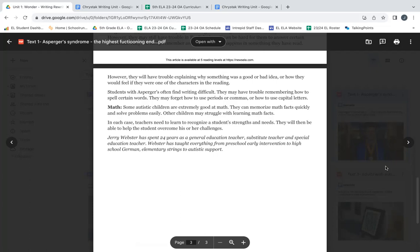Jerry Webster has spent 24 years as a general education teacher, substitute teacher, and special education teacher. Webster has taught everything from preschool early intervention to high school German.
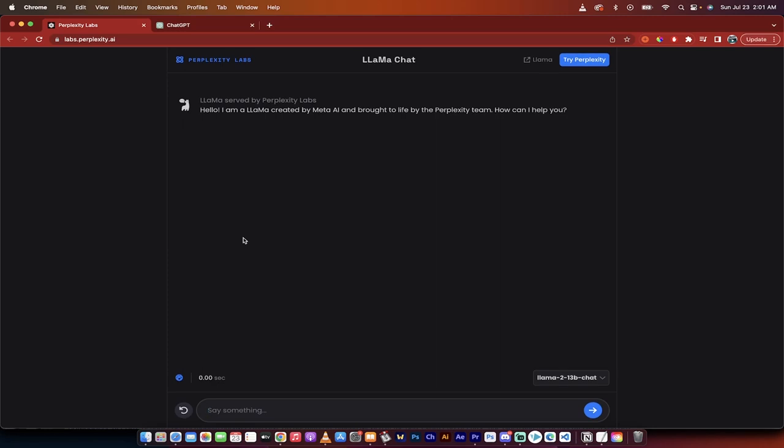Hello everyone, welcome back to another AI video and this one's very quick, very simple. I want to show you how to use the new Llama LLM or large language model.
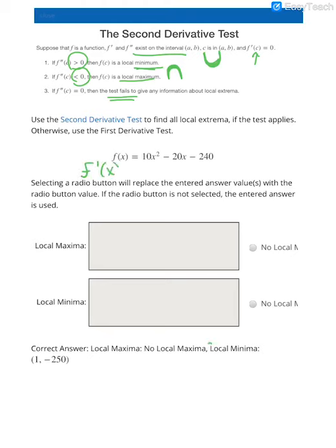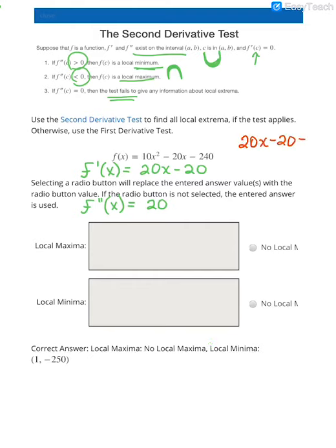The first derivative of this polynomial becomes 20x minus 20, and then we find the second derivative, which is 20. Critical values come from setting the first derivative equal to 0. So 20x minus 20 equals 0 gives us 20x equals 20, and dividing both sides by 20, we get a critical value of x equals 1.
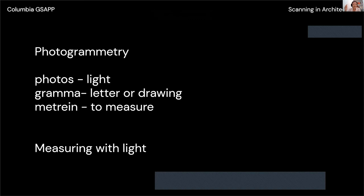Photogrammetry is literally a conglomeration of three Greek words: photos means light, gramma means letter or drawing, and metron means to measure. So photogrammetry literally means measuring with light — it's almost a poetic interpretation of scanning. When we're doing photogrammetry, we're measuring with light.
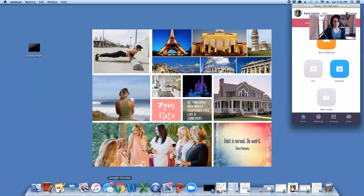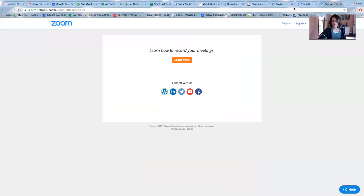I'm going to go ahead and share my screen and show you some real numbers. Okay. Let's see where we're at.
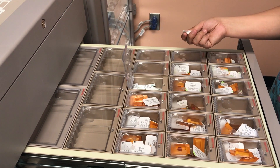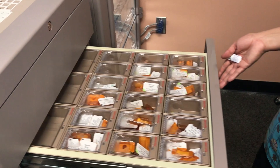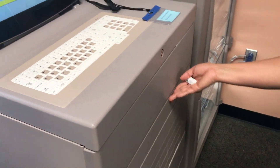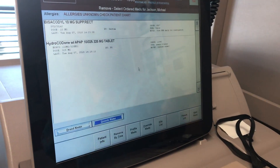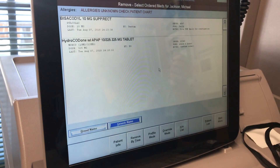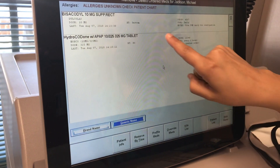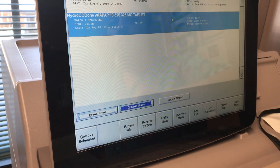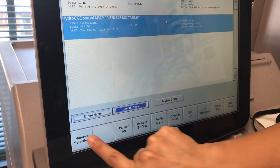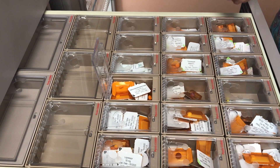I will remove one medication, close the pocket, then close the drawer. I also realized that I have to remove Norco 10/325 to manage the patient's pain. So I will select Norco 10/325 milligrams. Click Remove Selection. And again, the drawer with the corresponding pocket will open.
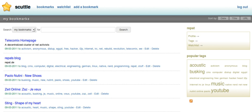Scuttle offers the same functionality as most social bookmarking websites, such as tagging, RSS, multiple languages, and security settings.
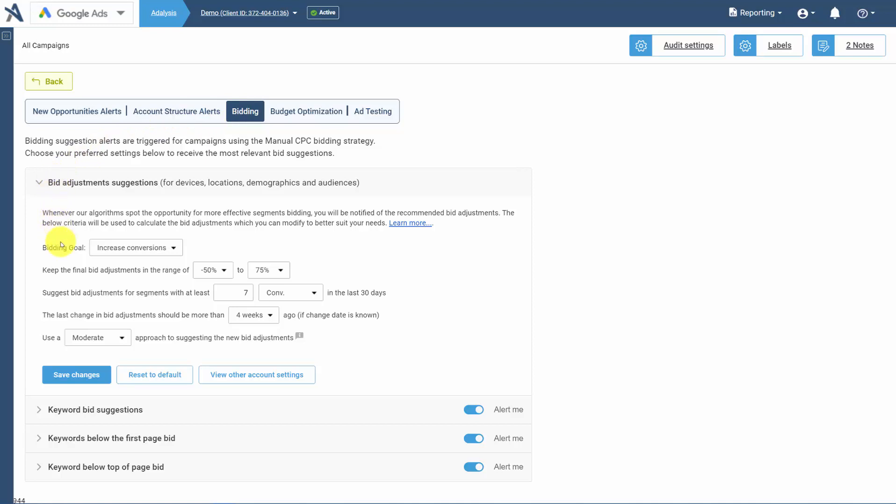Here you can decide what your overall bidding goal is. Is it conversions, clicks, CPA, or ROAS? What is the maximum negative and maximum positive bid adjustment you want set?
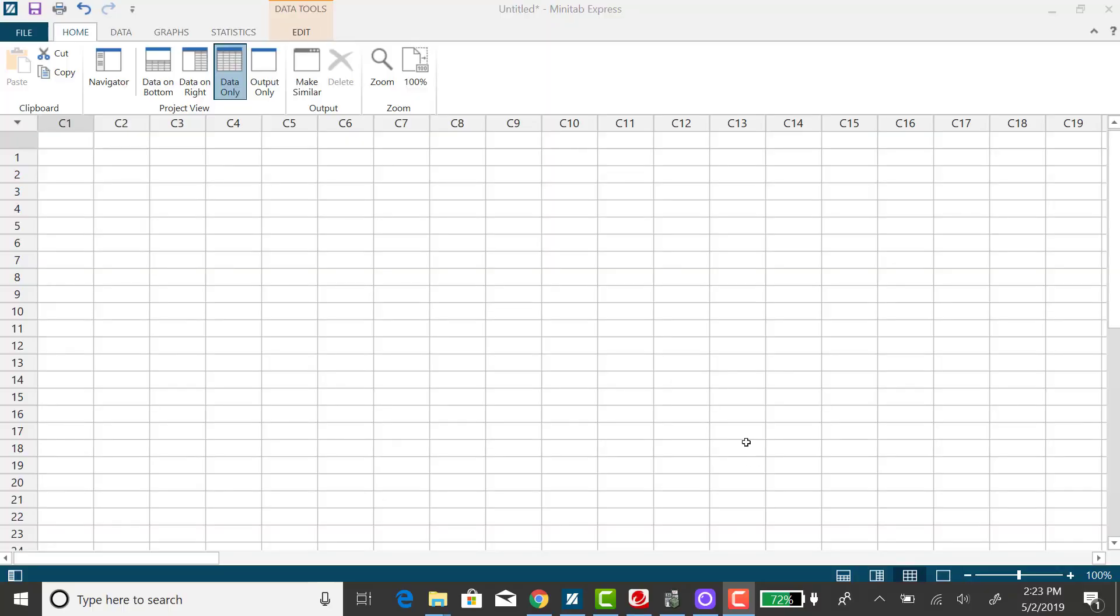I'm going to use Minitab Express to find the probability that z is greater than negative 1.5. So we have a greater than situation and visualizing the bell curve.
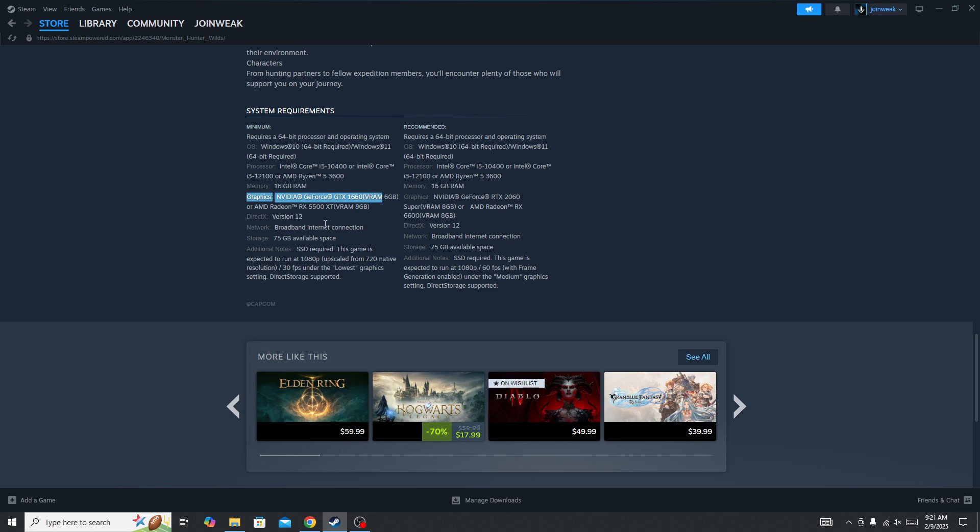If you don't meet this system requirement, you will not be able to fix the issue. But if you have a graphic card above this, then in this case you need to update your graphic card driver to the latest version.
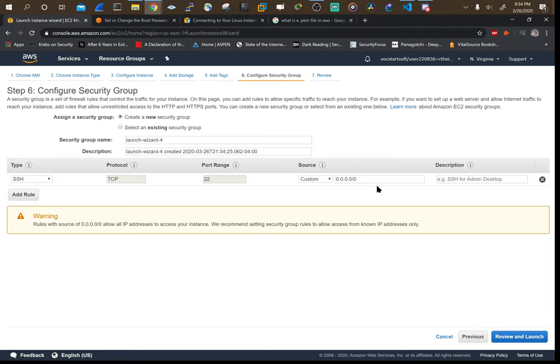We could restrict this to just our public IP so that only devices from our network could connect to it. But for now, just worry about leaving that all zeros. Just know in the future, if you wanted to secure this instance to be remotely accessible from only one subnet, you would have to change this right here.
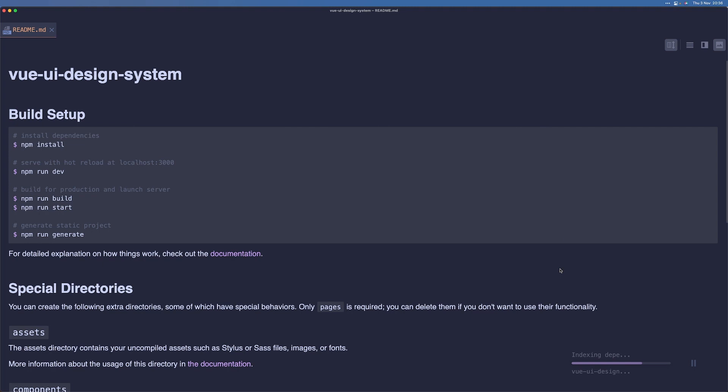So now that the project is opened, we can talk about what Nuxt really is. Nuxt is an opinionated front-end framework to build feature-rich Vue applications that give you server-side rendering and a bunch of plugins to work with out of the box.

==============================

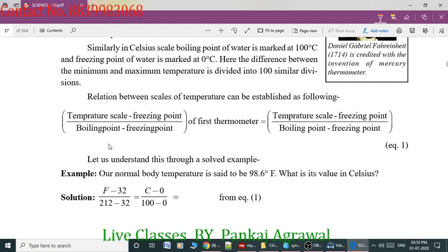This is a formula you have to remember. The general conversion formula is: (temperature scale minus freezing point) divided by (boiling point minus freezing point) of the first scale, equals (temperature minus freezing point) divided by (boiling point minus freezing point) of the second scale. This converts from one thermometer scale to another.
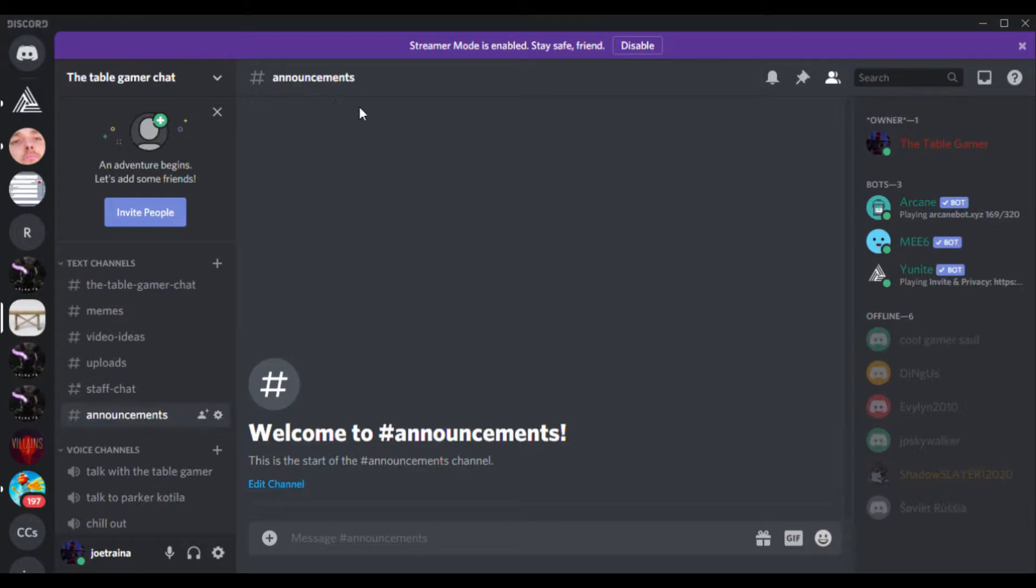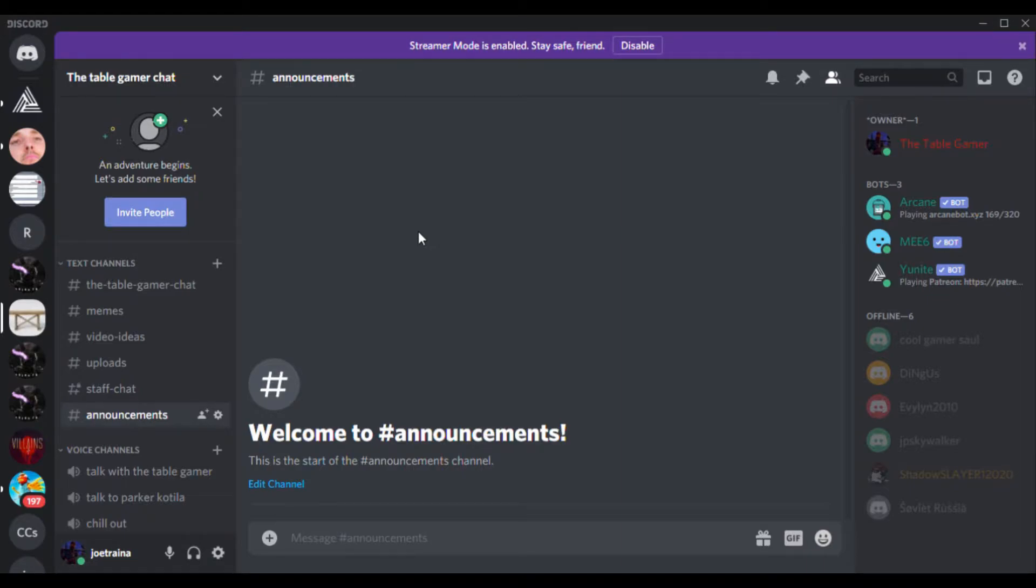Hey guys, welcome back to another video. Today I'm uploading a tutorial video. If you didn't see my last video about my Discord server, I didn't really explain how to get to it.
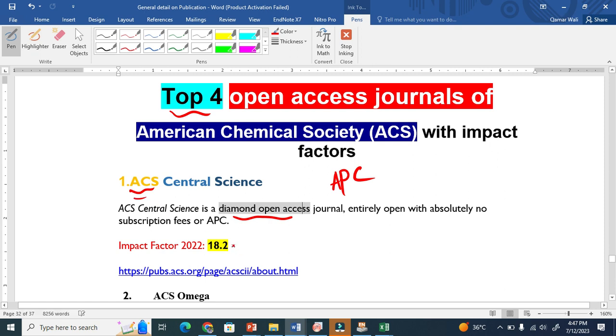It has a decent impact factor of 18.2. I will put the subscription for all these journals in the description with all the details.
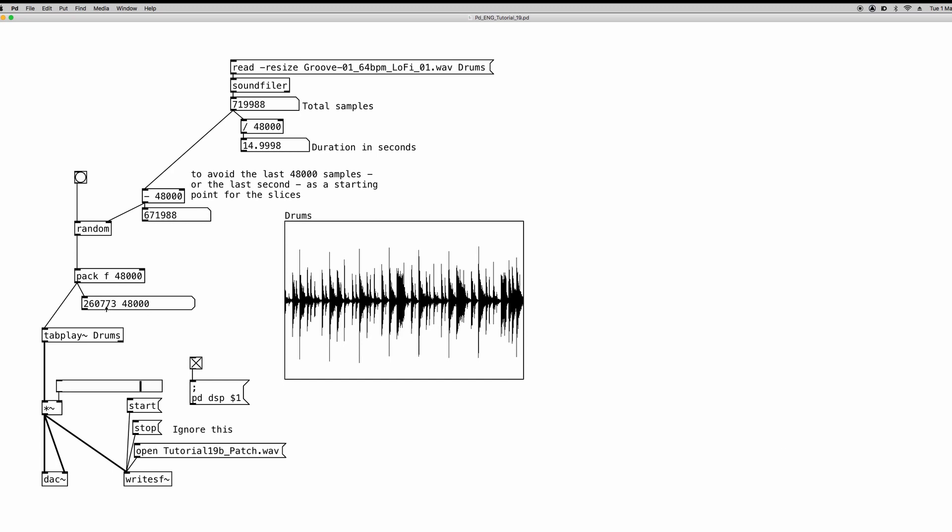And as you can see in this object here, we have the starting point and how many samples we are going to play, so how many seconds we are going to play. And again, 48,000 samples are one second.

==============================

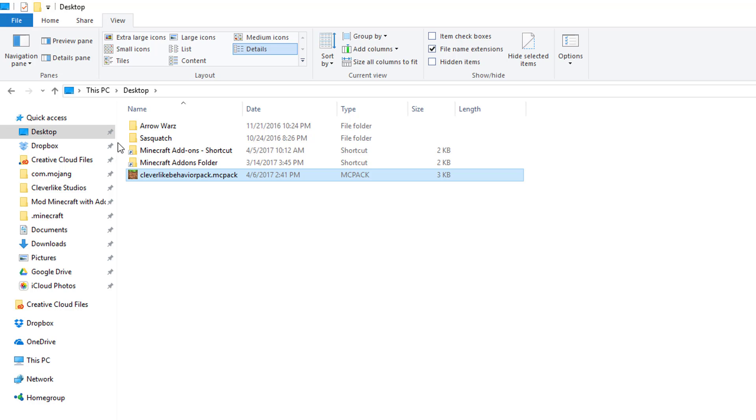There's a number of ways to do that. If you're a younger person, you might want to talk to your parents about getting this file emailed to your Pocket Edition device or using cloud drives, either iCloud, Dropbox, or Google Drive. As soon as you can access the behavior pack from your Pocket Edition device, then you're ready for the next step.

==============================

_EXERCISE GOAL_: Using the data above, which lines fall from the one with "Jerry Webster has" through the one with "Hello everyone, welcome"? Repeat them exactly, ends included, minus any pictures.

_TASK OUTPUT_:
Jerry Webster has spent 24 years as a general education teacher, substitute teacher, and special education teacher. Webster has taught everything from preschool early intervention to high school German.
Hello everyone, welcome back to another AI video and this one's very quick, very simple. I want to show you how to use the new Llama LLM or large language model.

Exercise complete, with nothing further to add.